Shelley v. Kraemer
Facts
In Missouri, property owners had recorded an agreement providing that property in a designated district could not be occupied by persons not of the Caucasian race, and respondents sued after the Shelleys, who were Negroes, purchased property covered by the covenant. The Missouri Supreme Court ordered enforcement of the covenant, including divestment of title. In Michigan, a similar recorded agreement provided that the property should not be used or occupied except by persons of the Caucasian race, and after Black petitioners acquired and occupied the property, respondents obtained a decree requiring them to move and forbidding future occupancy.

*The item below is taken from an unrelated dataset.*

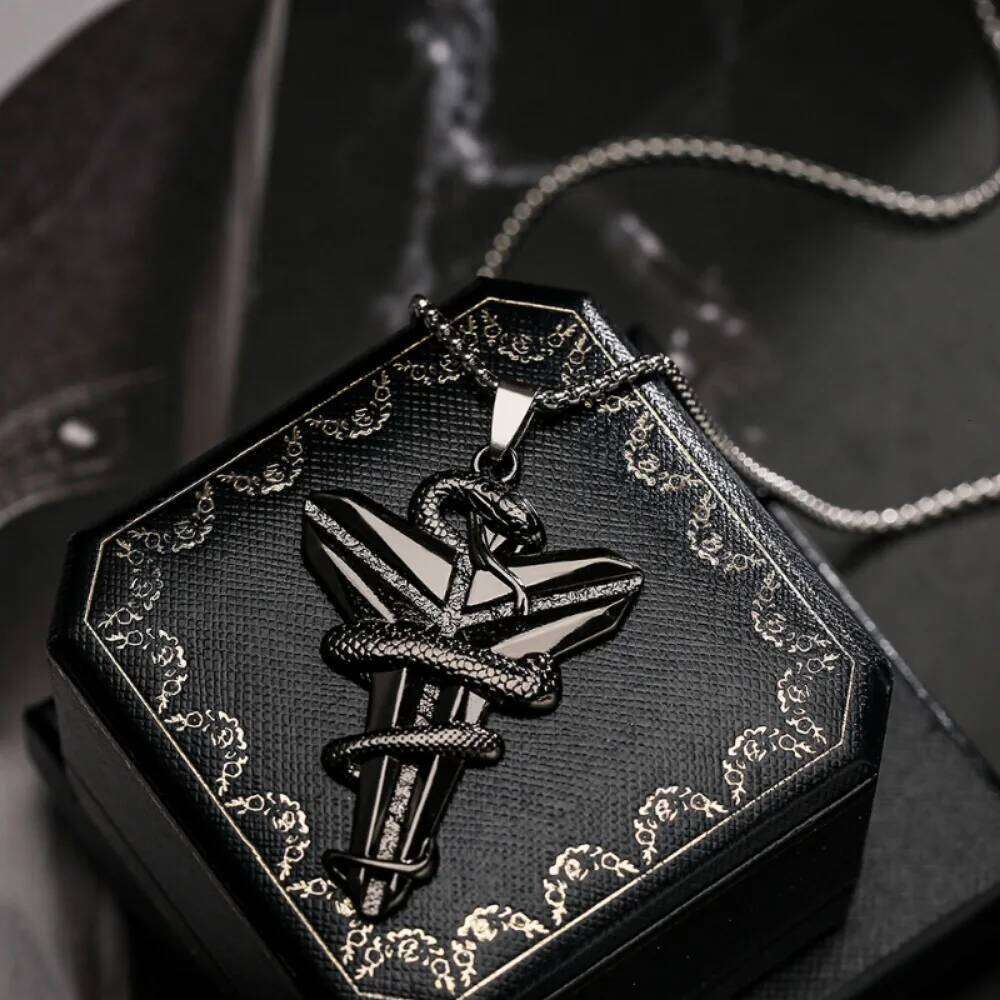 Simple Fashion Trend Vintage Animal Viper Black Mamba Cross Men Boys Pendant Necklace Charm Basketball Fan Memorial PartyJewelry H260312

In both cases, willing sellers had conveyed property to willing Black purchasers, and the exclusion was accomplished through state-court enforcement.
Issue
Does the Equal Protection Clause of the Fourteenth Amendment prohibit state courts from judicially enforcing private racially restrictive covenants that exclude persons from owning or occupying property on the basis of race or color? More specifically, does such judicial enforcement constitute state action?
Rule
The Fourteenth Amendment reaches only state action, not merely private conduct. Private racially restrictive covenants, standing alone and voluntarily observed, do not violate the Fourteenth Amendment; but when state courts grant judicial enforcement of such covenants, that enforcement is state action, and if it denies persons property rights on account of race or color, it violates the Equal Protection Clause.